The recently established Homeland Security structures and related security initiatives can also become important vehicles for this transformation.
Their greatest strength should not be in creating another layer of bureaucracy but in becoming a national platform for intelligence fusion, community engagement, critical infrastructure protection, and inter-agency coordination. Homeland Security must become the connecting tissue that links military operations, police investigations, intelligence gathering, border control, cyber security, and community-based vigilance mechanisms.
This is where the Tantita philosophy becomes particularly relevant.
Every region should be encouraged to develop security frameworks rooted in local realities while remaining under national oversight. What works in the creeks of the Niger Delta may not be identical to what works in the forests of Zamfara, the mountains of Borno, or the communities of the South-East. Yet the core principle remains the same: security is most effective when local populations become stakeholders rather than spectators.
However, there is one indispensable factor without which even the most innovative security architecture will struggle to succeed: intelligence.
No military campaign has ever been won solely through superior weapons or overwhelming force. The most successful security operations in history have been driven by superior intelligence. Information remains the first and most decisive weapon in any conflict. Criminals, insurgents, terrorists, kidnappers, oil thieves, and violent extremists survive not simply because they possess arms, but because they possess information—information about troop movements, operational plans, vulnerable communities, and, in some cases, weaknesses within the very institutions established to stop them.
For any national adaptation of the Tantita model to succeed, intelligence must be the foundation upon which every other component rests. The strategy must be intelligence-driven, intelligence-coordinated, and intelligence-protected. Communities must become active intelligence partners. Traditional rulers, religious leaders, youth groups, vigilante networks, and local stakeholders must be encouraged and empowered to provide timely and actionable information to security agencies.
The success of Tantita itself offers a lesson in this regard. The organisation’s effectiveness did not arise merely from patrols and surveillance assets. It emerged because local knowledge was transformed into actionable intelligence. People familiar with the terrain knew who was involved in crude oil theft, where illegal tapping points existed, how criminal networks operated, and who was protecting them. Intelligence became the force multiplier.
Yet, as Nigeria seeks to replicate such successes on a national scale, it must confront an uncomfortable reality. One of the greatest threats to security may not always be the criminal in the forest, the bandit on a motorcycle, or the terrorist hiding in a remote enclave. Sometimes, the threat may come from compromised elements within the system itself.
The persistence of insecurity despite years of military operations has inevitably raised difficult questions among citizens. How do terrorists repeatedly evade security cordons? How do bandits appear to receive advance warning of military operations? How do criminal networks continue to acquire weapons, logistics, and intelligence despite sustained pressure from security forces?

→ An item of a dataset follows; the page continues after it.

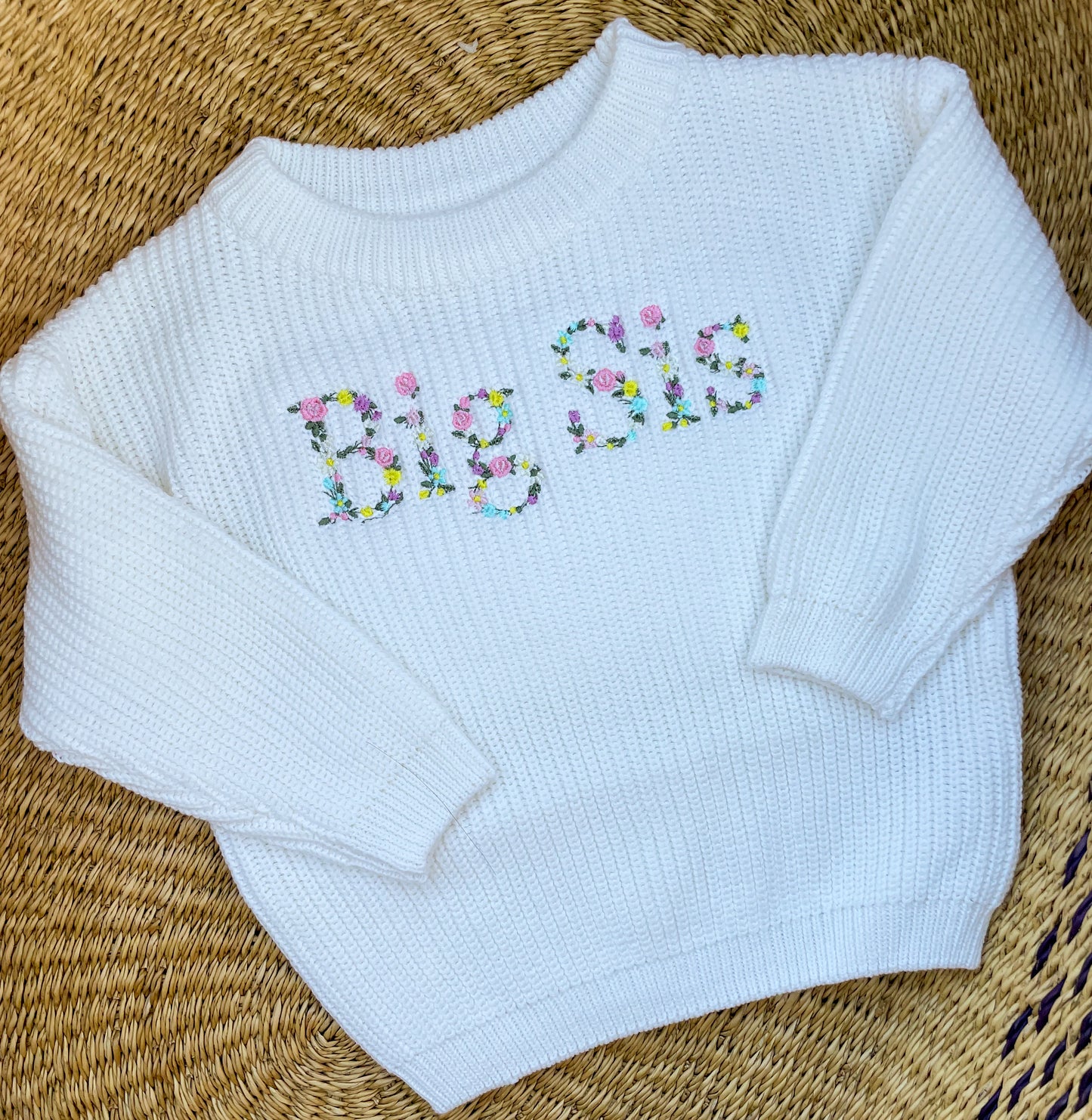 Custom Floral Big Sis Sweater - Kids Personalized Outfit
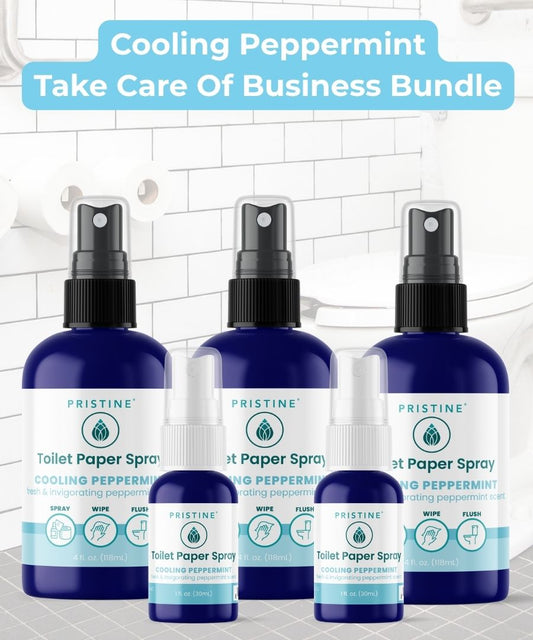 Bundle of Pristine Toilet Paper Spray wet wipe alternative bottles with toilet paper and toilet in background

While it would be unfair to cast suspicion on the overwhelming majority of patriotic men and women serving in uniform, it would be equally unrealistic to assume that infiltration and compromise do not exist. Every security institution in the world faces such risks. Nigeria is no exception.
This is why any comprehensive national security doctrine must include an aggressive and sophisticated counter-intelligence framework. Retired generals serving as coordinators and advisers should help establish mechanisms for identifying operational leaks, monitoring systemic vulnerabilities, and strengthening intelligence integration among agencies. Serving commanders should be empowered to enforce rigorous vetting procedures, internal surveillance measures, and accountability systems capable of exposing informants, saboteurs, and collaborators before they undermine operations.
The battle against insecurity cannot be won while strategic plans are routinely betrayed from within. Informants and saboteurs can destroy in a moment what thousands of brave soldiers have spent months trying to achieve. Therefore, cleansing the security architecture of compromised elements must become a strategic priority.
This reality also leads to a question that many Nigerians continue to ask. What is the significance of the title Commander-in-Chief of the Armed Forces if citizens remain at the mercy of criminal elements who continue to challenge state authority?
The question is not merely political; it reflects the frustration and anguish of ordinary Nigerians who expect the immense powers of the Nigerian state to be deployed decisively in defence of innocent lives. To many citizens, the office of Commander-in-Chief embodies the ultimate constitutional responsibility for national security and the protection of the people.
Certainly, modern security challenges are more complex than issuing a single military order. Democracies operate within constitutional safeguards, legal constraints, rules of engagement, and obligations to uphold human rights. No president can simply wish away insurgency, banditry, or organised crime through rhetoric alone.
Nevertheless, Nigerians are justified in expecting urgency, strategic clarity, and unwavering determination from those entrusted with leadership. They expect every lawful instrument of national power—military, intelligence, diplomatic, economic, technological, and judicial—to be deployed relentlessly against those who have chosen violence as a way of life.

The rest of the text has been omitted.